The chloroplast (cp) is an important component in the plant cell as it is where optical energy can be restored in the form of carbohydrates through photosynthesis. As a semi-autonomous organelle, the chloroplast possesses uni-parental inherited cricoid DNA with a length ranging from 20.98 kb (Sciaphila densiflora) to 1320.6 kb (Haematococcus lacustris), presenting conservative gene locations and categories in flowering plants (Molina et al., 2014). Because of these features, chloroplast genomes have expanded our knowledge of genetic engineering (Daniell et al., 2016), phylogeny (Jansen et al., 2006) and population demography. With the development of next generation sequencing (NGS) and assembly technologies, the past two decades have witnessed more than 100 cp genomes reportedly covering over 40 genera in Apiaceae. These cp genomes are all characterized by a quadripartite structure similar to those of most angiosperms, and their discrepancies are mainly reflected in rare changes in gene order and shifting IR-LSC boundaries (Peery, 2015; Spooner et al., 2017). Although it is a monophyletic group (Logacheva et al., 2010) that is of important economic value, few studies have been devoted to the chloroplast genomes of Tordyliinae species.

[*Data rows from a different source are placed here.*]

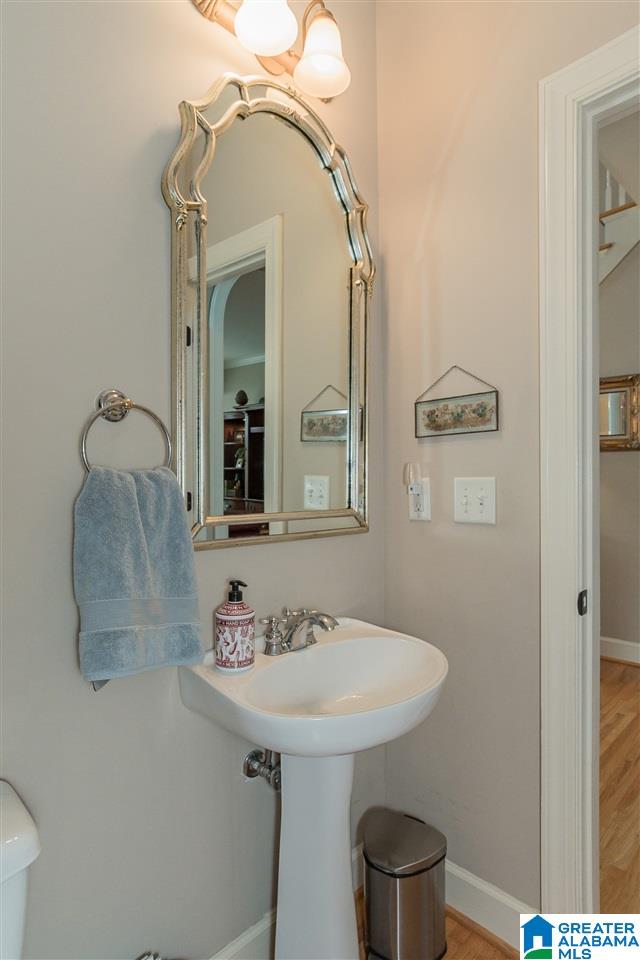 53 Maple Trace Birmingham, AL 35244 - Photo 19 of 35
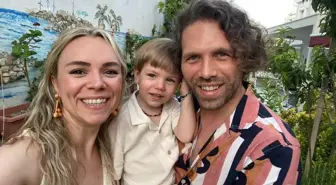 İlik nakli bekleyen lösemili Efe Leo'dan bağış çağrısı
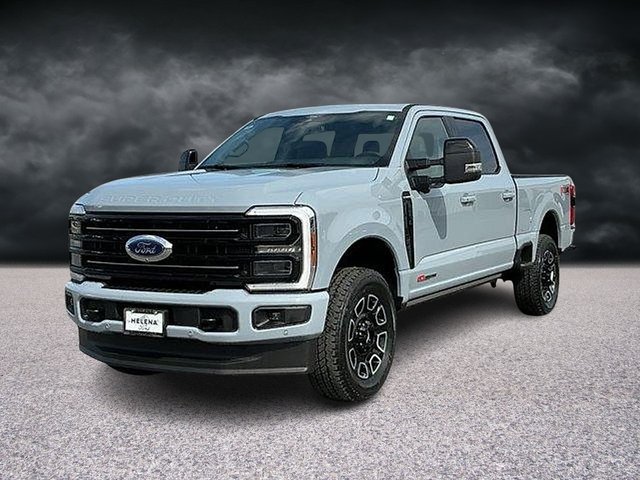2026 Ford Super Duty F-250® Platinum®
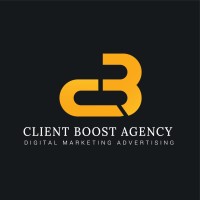 Client Boost Agency logo - Similar company to Ideasvoice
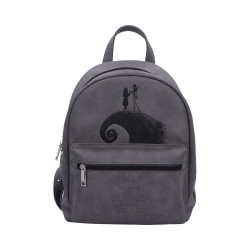 The Nightmare Before Christmas Spiral Hill Backpack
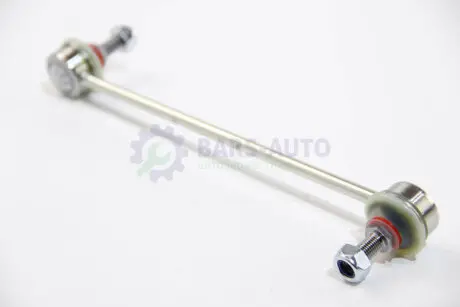 Тяга стабилизатора (переднего) Chevrolet Aveo 05- (L=261.5mm) ASMETAL 26DW2005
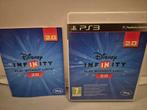 Disney Infinity 2.0 zonder portaal en poppetjes ps3, Spelcomputers en Games, Games | Sony PlayStation 3, Avontuur en Actie, 1 speler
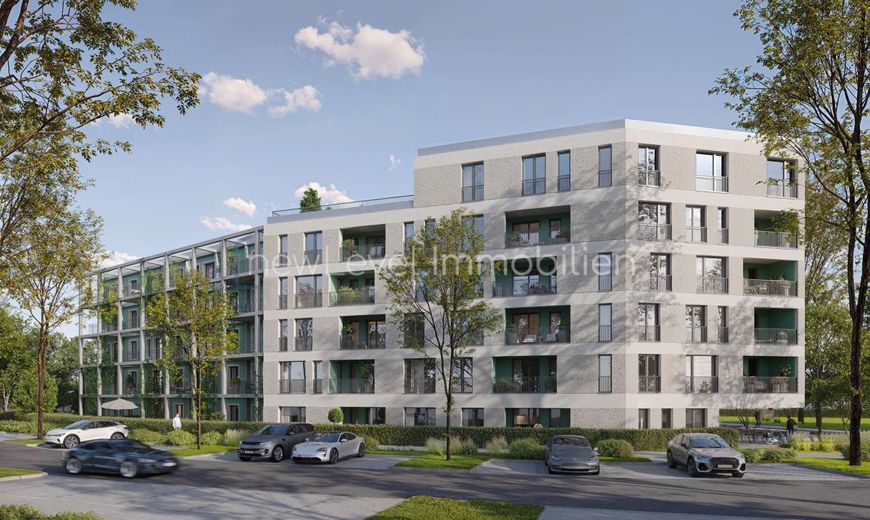 2-Zi. - Eigentumswohnung im ILLERPARK | 55,6 m² | Erstbezug (2.1.3) – Ansicht Filchnerstraße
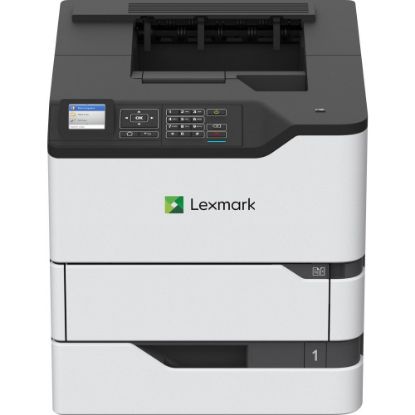 Picture of Lexmark MS823n Monochrome Laser Printer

In the present study, we reported cp genomes of two T. candicans individuals, Tetrataenium yunnanense (Xiao et al., 2017) and Semenovia transiliensis. By comparing them with published cp genomes, we explored the structural variation among Apiaceae species and located hypervariable cp DNA markers for Tordyliinae species and candidate cpDNA barcodes for the species identification of ‘Danggui’ counterfeits. Additionally, based on two cp genomes of T. candicans, 11 cpDNA markers were screened to survey population diversity. Finally, phylogeny on 37 Apiaceae and Araliaceae species using CDS sequences of cp genomes was also inferred. This research will offer genomic and genetic information for future phylogenetic and phylogeographic studies on Tordyliinae, and will shed light on the protection and utilization of wild herbal medicine resources.

Materials & Methods

Plant materials and DNA sequencing

Mature and healthy T. candicans leaves from two populations, S. transiliensis and T. yunnanense, were collected from Ganzi (Sichuan province, China; coordinates: 31°63′N, 100°01′E; approval number: XQY20150814001), Mu li (Sichuan province, China; coordinates: 28°40′N, 101°01′E; approval number: KL20180620001), Tekesi (Xinjiang province, China; coordinates: 42°86′N, 81°84′E; approval number: XQY20160724008) and Lanping (Yunnan province, China; coordinates: 26°07′N, 99°85′E; approval number: KL20180802001), respectively. All voucher specimens were deposited in the Sichuan University Herbarium (SZ). The total genomic DNA was isolated from dry leaves using an improved CTAB method (Doyle, 1987) and sequenced at Novogene (Novogene BioTech, Inc. Beijing, China) by Illumina Hiseq 2500 platform (Illumina, San Diego, CA). A genome skimming sequencing strategy (Steven, 2015) was performed to obtain deep coverage of organelle genomes regardless of the shallow sequencing of total genomic DNA. The coverage map was generated by Geneious 11.1.5.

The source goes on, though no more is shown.